Who then, should do this work, asked the President. All of us. Private citizens have more power now than ever to make a difference. No one should wait for someone else to do it. Here, his call to action took a notable turn away from that of his oft-identified idol, President Kennedy. Kennedy has urged us to "ask not what your country can do for you, ask what you can do for your country," and galvanized a generation dedicated to public service, the creation of the peace corps, and other notable public citizen actions.

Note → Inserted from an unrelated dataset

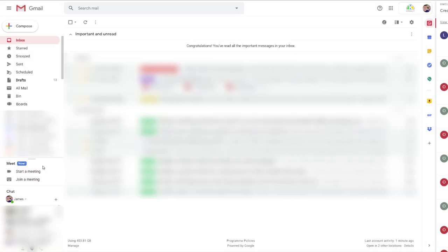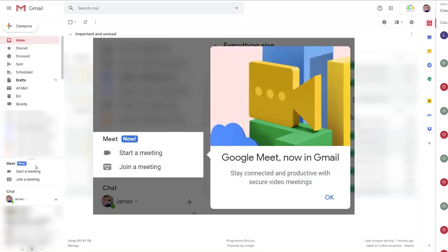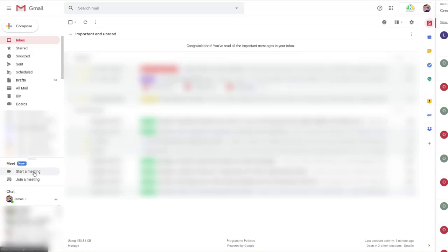Down the left-hand side, once it does appear in your Gmail, you'll have a new section called Meet. The first time you load up Gmail and this feature is enabled, you'll get a highlighted box appear above it, showing you it and pointing it out to you. But once it's there, you've got two options: you can start a meeting or join a meeting.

Clinton, on the other hand, emphasized the private citizen/organization's capacity to make change. He spoke of his own foundation's work organizing markets for public goods - helping to shift pharmaceutical prices and access, negotiating deals that shifted companies from "high margin, low volume, uncertain payment" to "low margin, high volume, and certain payment." This brought the price of drugs to fight HIV and AIDS down by factors of 5, 6 and 7 in various parts of the world. The challenge now - to organize the markets of other public goods, including limited carbon use, education, and food. Even when asked what he might do if he gets a "do-over" as America's first man, he promoted the role he would play in partnering with the private and independent sector.
I left President Clinton's speech, and the GPF, inspired and full of new information. The idea of organizing markets for public good, which I championed in my 2004 book
; the role of business practices in philanthropy, the blending of sectors, and the rise of social entrepreneurs and more rational capital markets are critical ideas. The folks at this conference clearly believe them, are practicing them, and advancing our knowledge and thinking about how to solve real problems (using all available tools).
I have to admit, I wonder if we can go too far in this direction. President Clinton was exhorting this generation to ask a fundamentally different question than President Kennedy had; at this point in time it would have to framed as, "Ask not what the globe can do for you; ask what you can do for the globe."
But the answers we come up with can not only come from the private and independent sector, we must not expect that philanthropy and social enterprise will solve the problems that our governments have failed to solve. Yes, they must be grown, recognized, and actively involved. But we must develop those resources and engage our governments, our public agencies, and our elected representatives. All three sectors must be contribute -all three sectors must be part of our "integrated society." That is my answer to President Clinton's 5th question.